Connection doesn’t come easily for me. It is not natural and is something that I have to work very hard for. I was reminded of that this past week when I went home to Bailey’s for Thanksgiving. Here at school, I have one focus–to do well in school. I go to school, to work, and to my house all the while staying far away in my own little world. I don’t’ have to worry about being in a relationship or truly connecting with anyone. Throughout the years, I’ve managed to learn to still function appropriately without being present. It has taken me the two and half years living here, in an unconditionally loving place, for me to be able to enter back into my body, if not just enough to connect at some level. The problem is, I didn’t realize how exhausting that has been for me until this recent trip home. Everything came flooding back–the failed adoptions, my mistakes, how imperfect I am, how unlike kids my age I really am–and some major regression ensued. All of the feelings of jealousy towards Zhanna returned, the 2-3 year old behavior, the need to self-soothe. And then when it was time to come back, the small meltdown. I went from being the 100% functioning 22-year-old to the 2/5/8/12-year-old in a matter of days. And that’s when I realized that I am not family material.

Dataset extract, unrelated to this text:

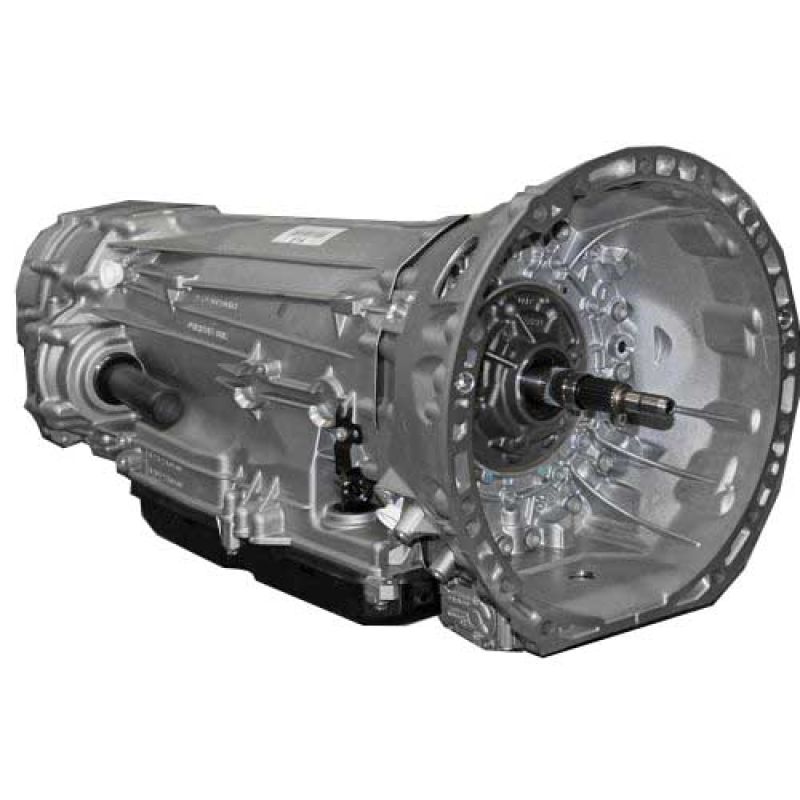 Mercedes  Otomatik Şanzıman 722.965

I cannot yet function at a healthily connected level within a family unit and have outside activities as well. I cannot focus on school and focus on relationship. My brain, heart, and body are not yet at a level where they can all work together to meet the needs of more than one thing. Because I have to work so hard and exert so much energy into just connecting, it is hard for me to be in the same house as someone who desires connection for long periods of time. It’s too exhausting and then the regression starts.  This was a problem in each of my homes as my inability to connect was taken as mere rejection towards them. They, much like myself, were unable to come outside of themselves and their hurt to teach me and show me that it was safe to come back and connect. Ultimately, if I was in a family setting I don’t think I would be doing as well in school. One or the other would suffer, and I’m not sure I’d be okay with that.

Not only am I unable to connect easily, I don’t do transitions well. Any transition whether it be from having class to having a short holiday break, or from my house to Bailey’s for the weekend knocks my entire routine off cycle and throws me overboard. Each transition takes a few days to recoup…which usually means that for a few days I’m having meltdowns, panic attacks, sometimes self harm, and complete disconnect. Due to the excessive amount of abuse I’ve gone through it would seem that this is all normal, and it is, but I am not a child and therefore cannot behave as a child. I cannot have these days of meltdowns over the simplest of transition and I couldn’t put it on the shoulders of someone else to make sure that I’m able to cope. Bailey, Grace and Becca have graciously taken that task on, as their schedules allow, but I couldn’t put that full time on someone else. It is ultimately my job to learn and to adapt to the changes around me.

The truth is, I may never function at an age/emotionally appropriate level. I may never catch up to my peers. I do worry that connection will always be a struggle for me. But even so, I know that one day I will have the most healthy relationship available on this planet…because I will have worked passed the trauma’s holding me back. That relationship may never be a mom or dad relationship and quite frankly, that’s okay because I may never be family material. Please don’t take that the wrong way either…I say family material meaning that I am not daughter material. I may never have the capabilities of loving someone as I once loved my mom or my dad. I may never regain the amount of trust it would take to allow someone to be my mom and dad. I may always have to be content with a created family of sisters and brothers, and that’s okay.

Adoption is a big deal. It gives people the opportunity to create something outside of the ordinary. It allows connection without blood. Adoption is meant to be happy, in the saddest of ways, and I have walked into too many believing that it was a happily ever after and forever. Adoption is meant to be forever. Walking in, the child wants a family and the parents want a child. There is an expectation that at some point there be a bond created in which a true mother/child relationship built on trust and love is maintained. I know that I couldn’t walk into a family and fulfill that expectation. I know that right now, I couldn’t meet a family with that familial expectation…and it wouldn’t be fair of me to hurt and mislead them into believing I’m ready for that.